Goal of the exercise: Could you print the stretch of lines below from the one with "Are Black Skirts in Style" through the one with "Modern Retreat In", exactly as they stand and without any pictures?

Records for this task Start Marker

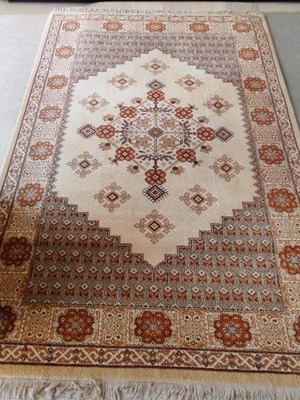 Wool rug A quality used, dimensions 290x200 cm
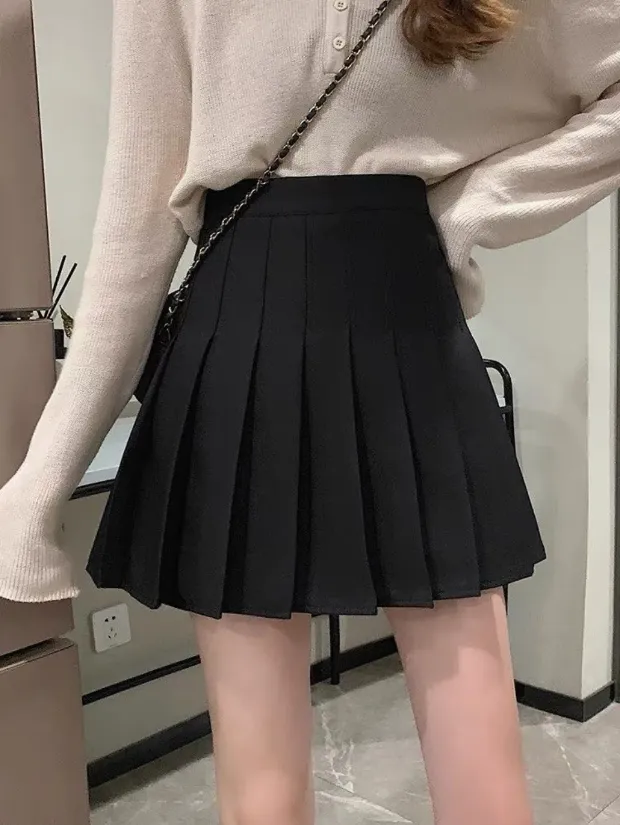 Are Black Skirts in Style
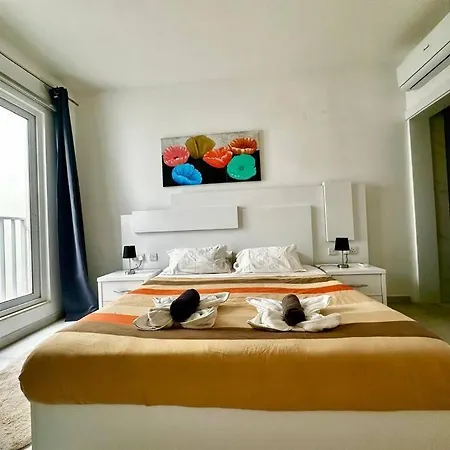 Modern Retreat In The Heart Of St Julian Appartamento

Records for this task End Marker
Records for this task Start Marker

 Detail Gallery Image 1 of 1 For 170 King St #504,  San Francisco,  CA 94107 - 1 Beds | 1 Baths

Records for this task End Marker

Result of the task:
 Are Black Skirts in Style
 Modern Retreat In The Heart Of St Julian Appartamento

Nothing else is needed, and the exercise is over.